Junior doctors will strike for three days in December if a ballot produces the widely expected go-ahead for industrial action in protest at a new contract, their union has announced.
The NHS has 45,000 trainee doctors in England. On a first strike day, they would provide only emergency care for 24 hours starting at 8am on Tuesday 1 December, reducing hospitals to the low level of service usually seen on Christmas Day.
They intend to follow that with two all-out stoppages, in which all junior doctors will refuse to work. Those walkouts are expected for Tuesday 8 December and Wednesday 16 December, subject to the result of a ballot by the British Medical Association (BMA) of the 30,000 juniors it represents.
The ballot closes next Wednesday at 5pm and the result will become public the next day.
The action, if it happens, will see most planned operations and outpatient clinics cancelled, with consultant doctors prioritising more urgent and emergency cases.
The BMA’s leader said junior doctors had been forced into the prospect of withdrawing their labour by the intransigence by ministers over a contract the union insists is unsafe for patients and unfair for doctors.
Dr Mark Porter, chair of the BMA’s ruling council, said: “We are releasing this information at this early stage because we want to give as much notice as possible to minimise disruption to other NHS staff and, above all, to patients.
“Our dispute is with the government and our ballot for industrial action is a last resort in the face of their continued threat to impose a new contract.
“Industrial action is the last resort for a reason: it comes only when every other avenue has been exhausted. The BMA has been explicit in what needs to change in junior doctor contract proposals. The government’s refusal to work with us through genuine negotiations, and its continued threat to impose an unsafe and unfair contract leaves us with no alternative.”

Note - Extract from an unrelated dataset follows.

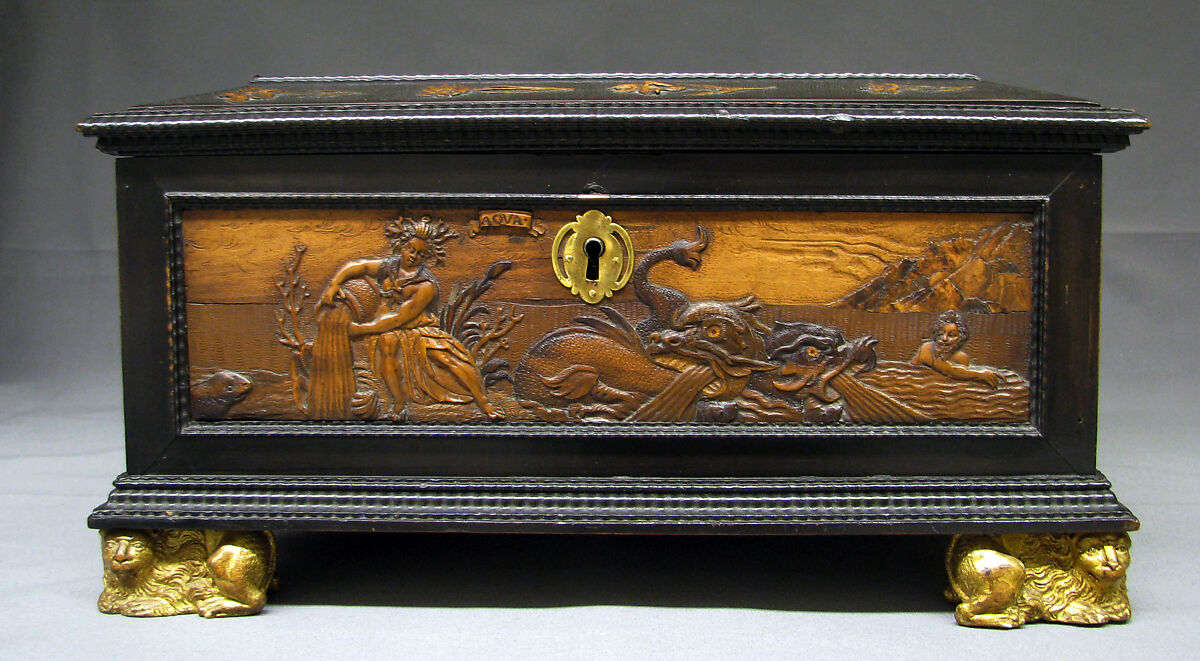 Casket with allegories of the Four Elements, Attributed to Adam Eck (1604–1664), Various soft and fruit woods, partly stained and ebonized, carved, ebonized; marbelized paper lined interior; iron mounts, Czech, Chêb (Bohemian, Eger)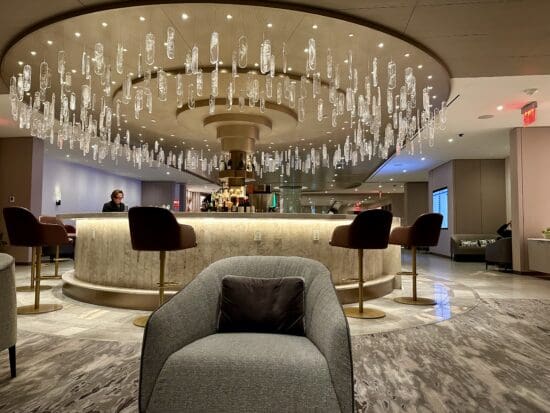 a large chandelier in a hotel lobby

The union still wants to resolve the bitter dispute to avoid strike action, but would only do so if the health secretary, Jeremy Hunt, withdrew his threat to impose the contract, Porter added.
“The BMA is clear that we want to work with the government to deliver a contract that is good for patients, junior doctors and the NHS as a whole. It is not too late to achieve this, but the government must remove the threat of imposition and provide the reasonable assurances junior doctors need to get back around the negotiating table.
“Today’s decision by BMA council sends a clear message to the government – the medical profession as a whole is standing in solidarity with junior doctors.”